WHAT THE TASK ASKS. Write out the data below exactly as given, without any of its pictures.
─── DATA FOR THIS TASK ───
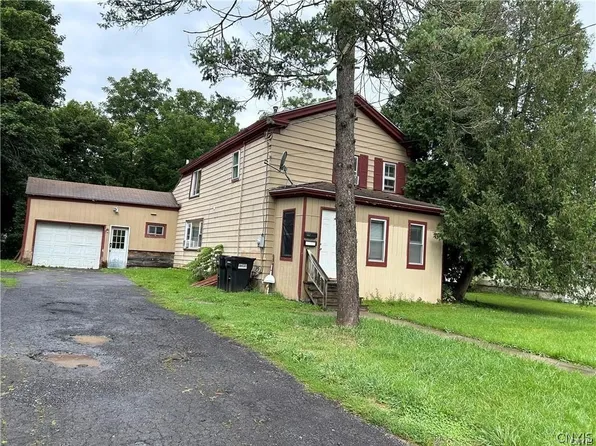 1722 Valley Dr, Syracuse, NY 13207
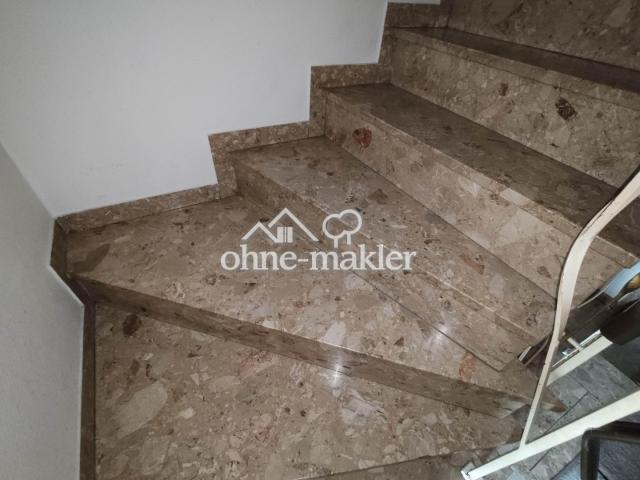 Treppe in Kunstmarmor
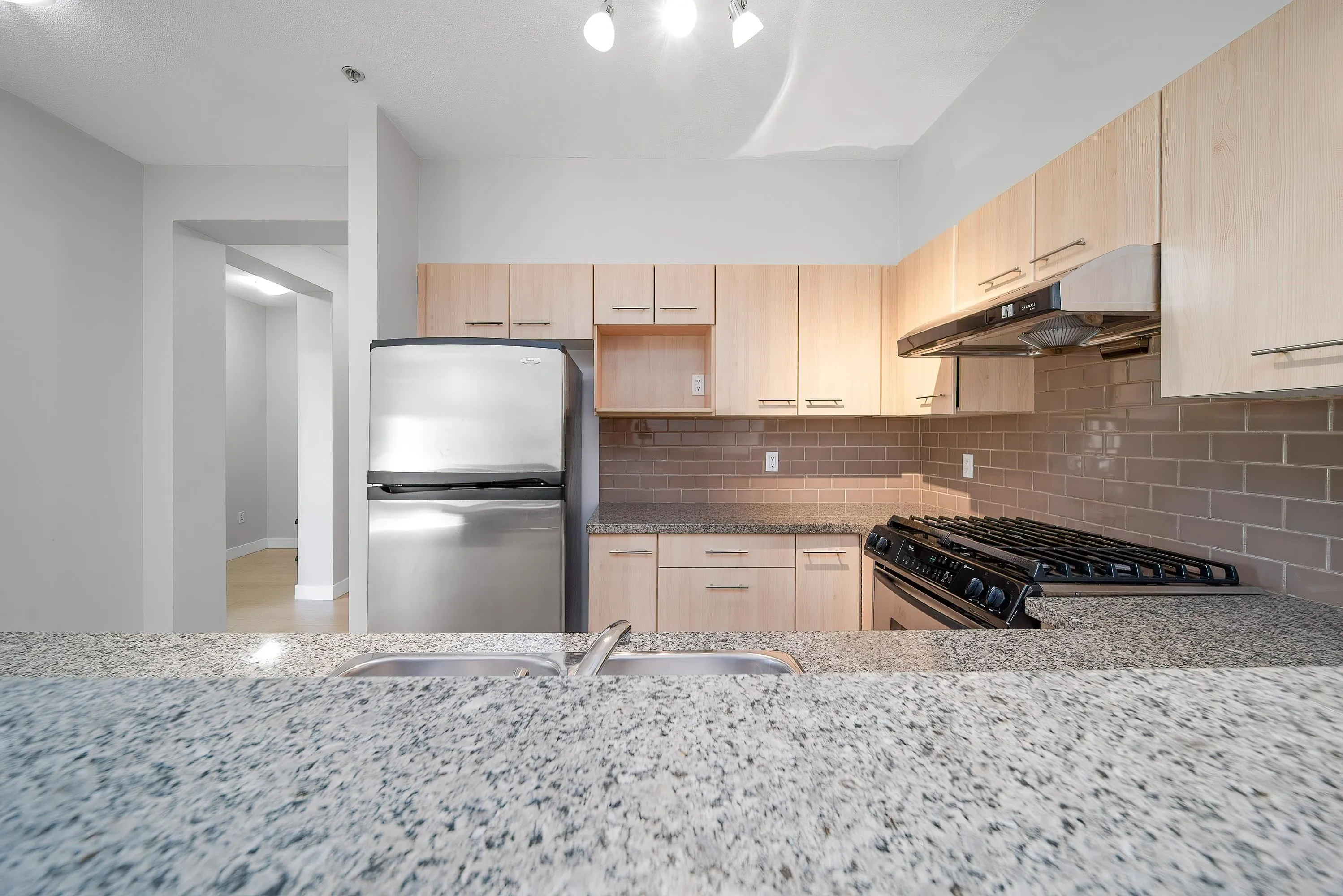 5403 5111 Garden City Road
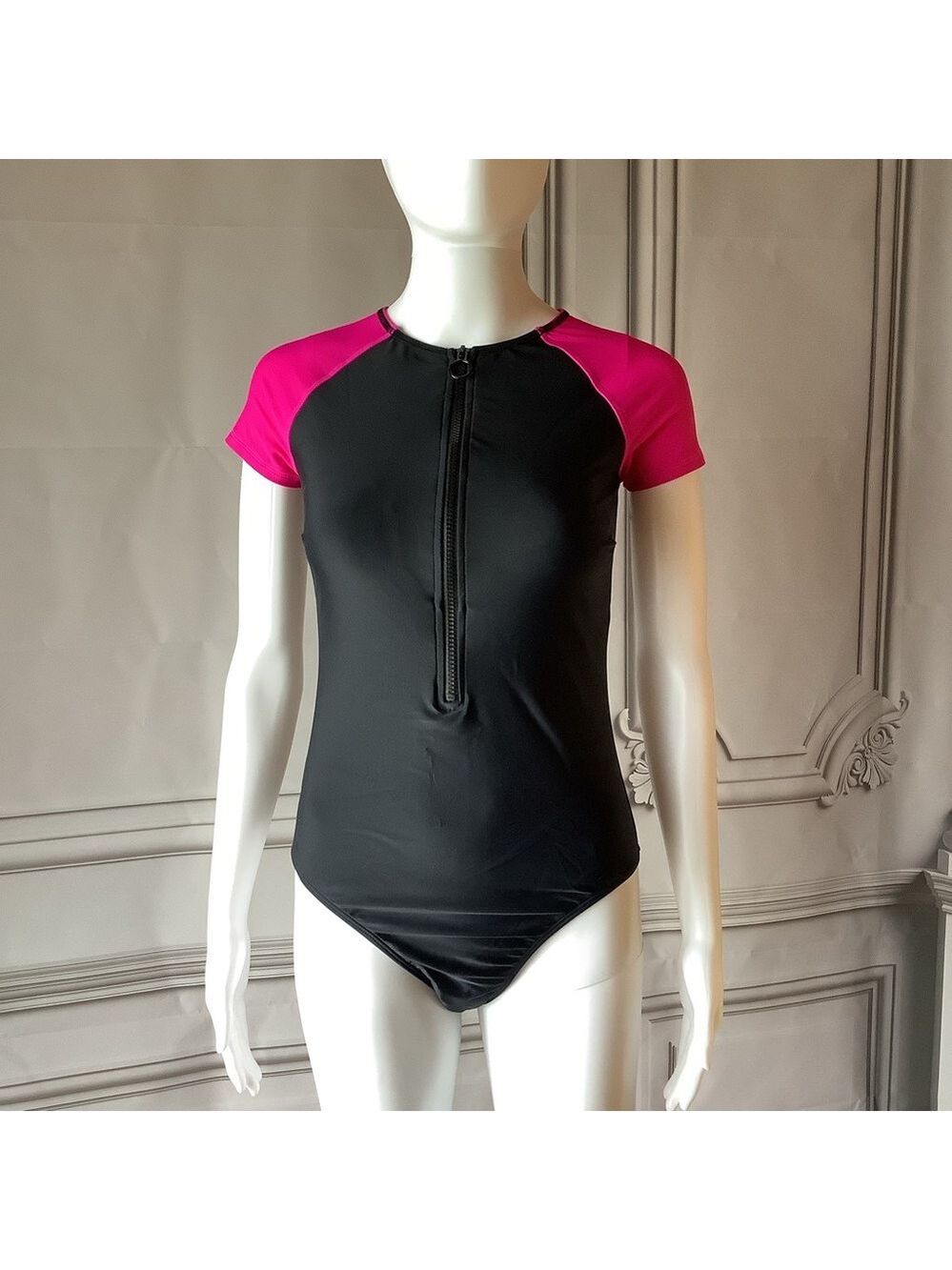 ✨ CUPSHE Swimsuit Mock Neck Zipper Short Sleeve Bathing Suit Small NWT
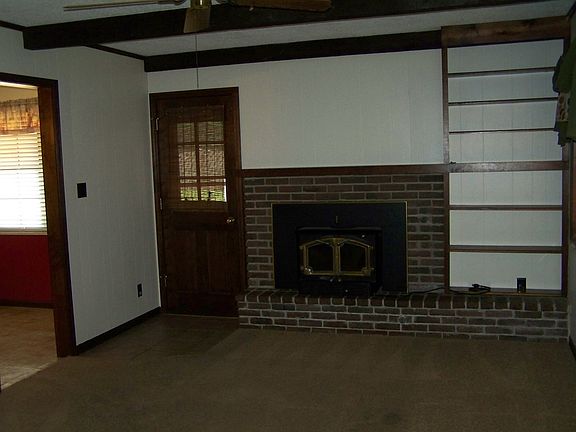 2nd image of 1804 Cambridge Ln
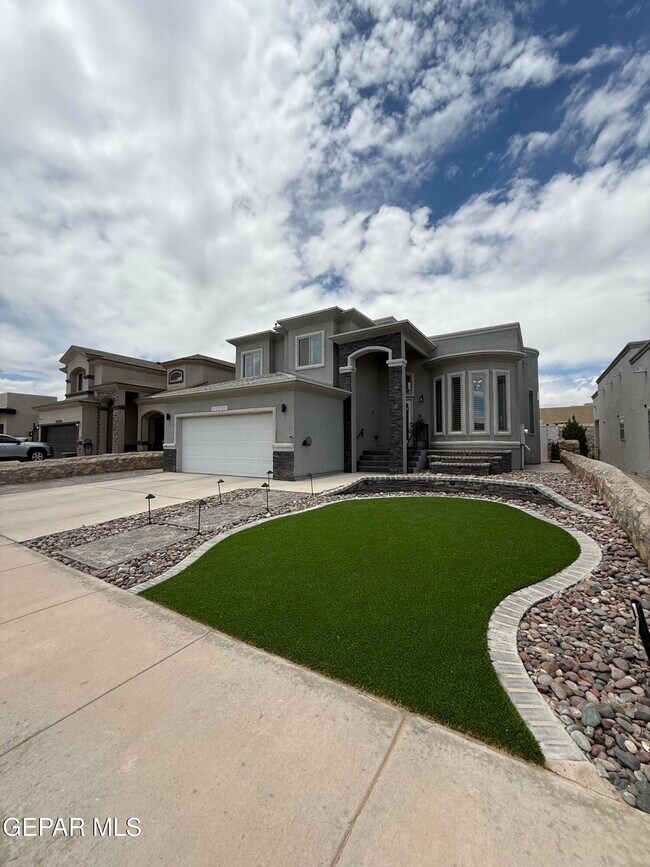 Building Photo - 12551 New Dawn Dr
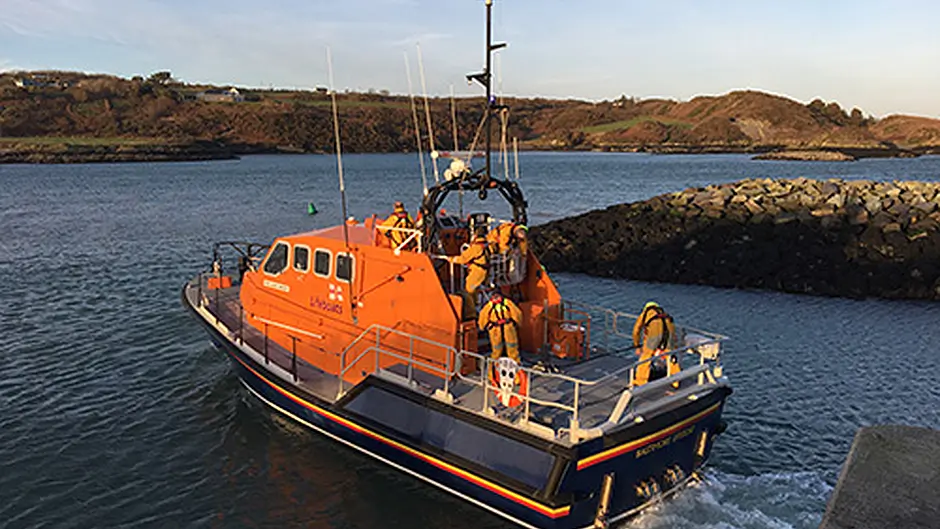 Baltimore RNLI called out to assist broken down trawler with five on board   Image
───
REPLY.
 1722 Valley Dr, Syracuse, NY 13207
 Treppe in Kunstmarmor
 5403 5111 Garden City Road
 ✨ CUPSHE Swimsuit Mock Neck Zipper Short Sleeve Bathing Suit Small NWT
 2nd image of 1804 Cambridge Ln
 Building Photo - 12551 New Dawn Dr
 Baltimore RNLI called out to assist broken down trawler with five on board   Image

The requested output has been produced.